Hoodia gordonii, a cactiform found in the Kalahari Deseret in South Africa, has been used for thousands of years by Xhomani Bushmen as an anorexant and has been proposed as a new agent for the management of body weight. However, its in vivo targets and molecular mechanisms remain elusive. The development of Hoodia and P57, the purported active ingredient, has been problematic due to controversy in intellectual property rights and limited natural resources. 

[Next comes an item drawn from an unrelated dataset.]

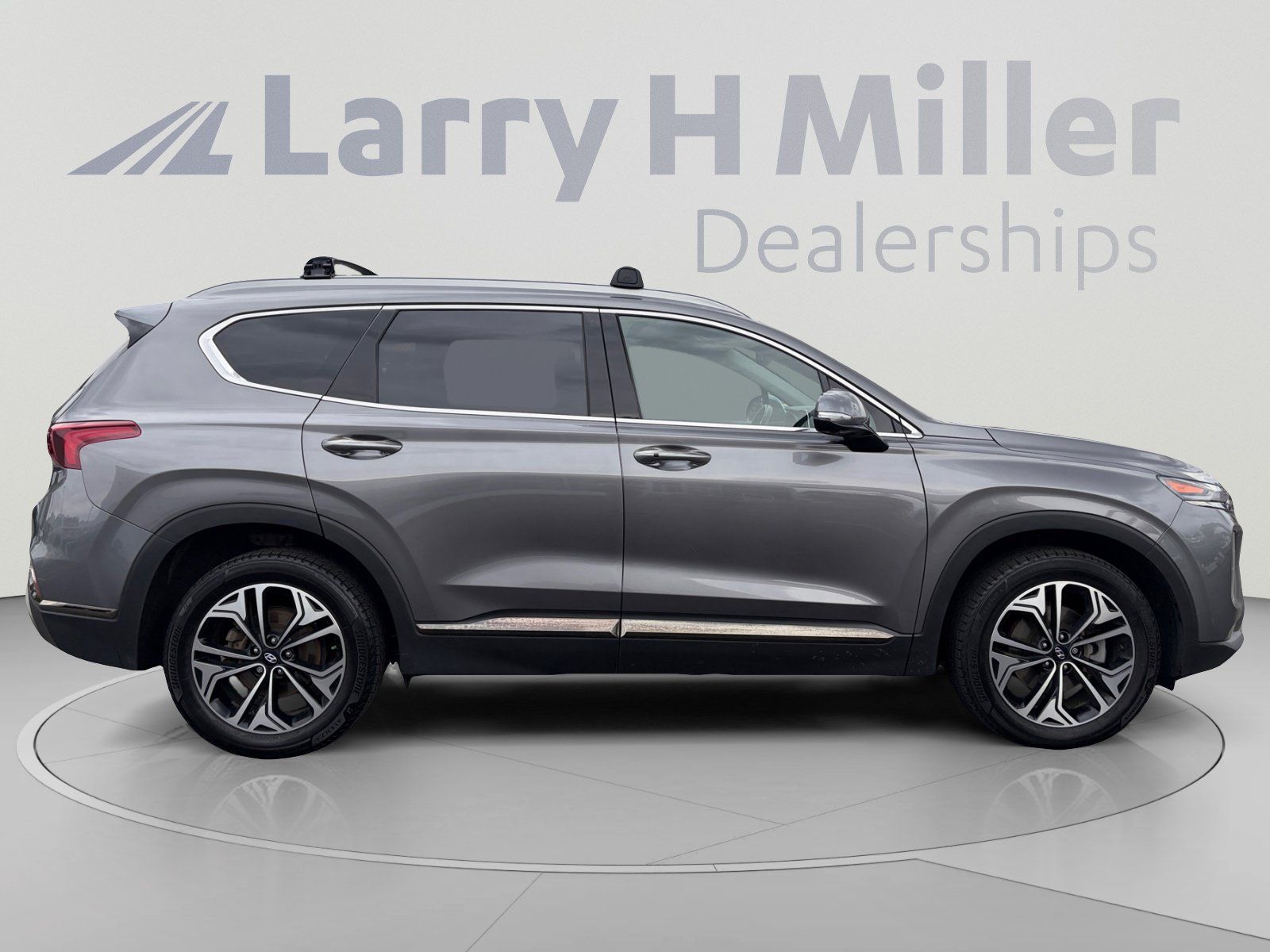 Used 2020 Hyundai Santa Fe Limited AWD/4WD image 6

Researchers found that Gordonoside F, a steroid glycoside isolated from Hoodia, but not the widely known P57, activates specifically GPR119, a G protein-coupled receptor and a potential drug target for metabolic disorders. Gordonoside F promotes GLP-1 and insulin secretion both in vitro and in vivo, and reduces food intake in mice. These effects are mediated by GPR119 since GPR119 knockout prevents the therapeutic effects of Gordonoside F. Interestingly,the appetite-suppressing effect of Hoodia extract was also partially blocked by GPR119 knockout. These discoveries provide a promising opportunity to develop new drugs in treating metabolic diseases.

This work was supervised by Profs. XIE Xin  and YU Biao.  The first authors are Drs. Shuyong Zhang (biology part) and Yuyong Ma(chemistry part). This work was supported by grants from Ministry of Science and Technology of China, National Natural Science Foundation of China and Shanghai Commission of Science and Technology.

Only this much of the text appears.